Output a verbatim copy of the data, cut off after the line that contains "Trainees stand next".
:::::
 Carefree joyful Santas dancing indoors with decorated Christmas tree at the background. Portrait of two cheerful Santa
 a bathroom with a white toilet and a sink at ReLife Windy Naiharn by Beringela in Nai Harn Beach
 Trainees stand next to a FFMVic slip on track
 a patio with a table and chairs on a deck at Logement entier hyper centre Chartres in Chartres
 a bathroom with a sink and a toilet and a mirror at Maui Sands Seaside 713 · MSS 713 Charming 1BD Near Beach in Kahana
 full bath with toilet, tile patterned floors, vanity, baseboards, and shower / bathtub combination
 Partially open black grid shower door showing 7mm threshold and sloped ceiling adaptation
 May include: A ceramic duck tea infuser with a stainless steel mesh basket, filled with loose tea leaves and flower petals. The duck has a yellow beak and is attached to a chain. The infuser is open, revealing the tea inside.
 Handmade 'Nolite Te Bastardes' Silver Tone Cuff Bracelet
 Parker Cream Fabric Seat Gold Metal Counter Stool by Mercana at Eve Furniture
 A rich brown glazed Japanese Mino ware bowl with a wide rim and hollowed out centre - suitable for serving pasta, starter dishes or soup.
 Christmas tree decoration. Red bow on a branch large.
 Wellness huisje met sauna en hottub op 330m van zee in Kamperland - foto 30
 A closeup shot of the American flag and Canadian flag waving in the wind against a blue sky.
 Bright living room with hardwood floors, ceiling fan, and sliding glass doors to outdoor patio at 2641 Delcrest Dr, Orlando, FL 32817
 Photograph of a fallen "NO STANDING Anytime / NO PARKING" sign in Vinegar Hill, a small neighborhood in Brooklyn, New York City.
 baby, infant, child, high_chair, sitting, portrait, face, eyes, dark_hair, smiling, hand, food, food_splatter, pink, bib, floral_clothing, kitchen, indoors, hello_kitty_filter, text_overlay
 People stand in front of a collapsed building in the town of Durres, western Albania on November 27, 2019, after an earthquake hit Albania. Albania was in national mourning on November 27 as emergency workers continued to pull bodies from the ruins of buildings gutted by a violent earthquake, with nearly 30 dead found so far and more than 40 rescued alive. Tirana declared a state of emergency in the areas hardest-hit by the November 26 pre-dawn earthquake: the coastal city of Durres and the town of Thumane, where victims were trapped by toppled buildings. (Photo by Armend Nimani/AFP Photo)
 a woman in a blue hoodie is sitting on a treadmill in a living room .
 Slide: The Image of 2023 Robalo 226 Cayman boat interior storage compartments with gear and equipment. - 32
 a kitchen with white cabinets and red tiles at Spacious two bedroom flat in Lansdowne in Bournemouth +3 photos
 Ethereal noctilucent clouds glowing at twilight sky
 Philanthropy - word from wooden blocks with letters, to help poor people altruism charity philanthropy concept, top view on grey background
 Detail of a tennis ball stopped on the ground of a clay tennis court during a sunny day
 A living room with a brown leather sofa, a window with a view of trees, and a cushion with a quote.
:::::
§ Answer section
 Carefree joyful Santas dancing indoors with decorated Christmas tree at the background. Portrait of two cheerful Santa
 a bathroom with a white toilet and a sink at ReLife Windy Naiharn by Beringela in Nai Harn Beach
 Trainees stand next to a FFMVic slip on track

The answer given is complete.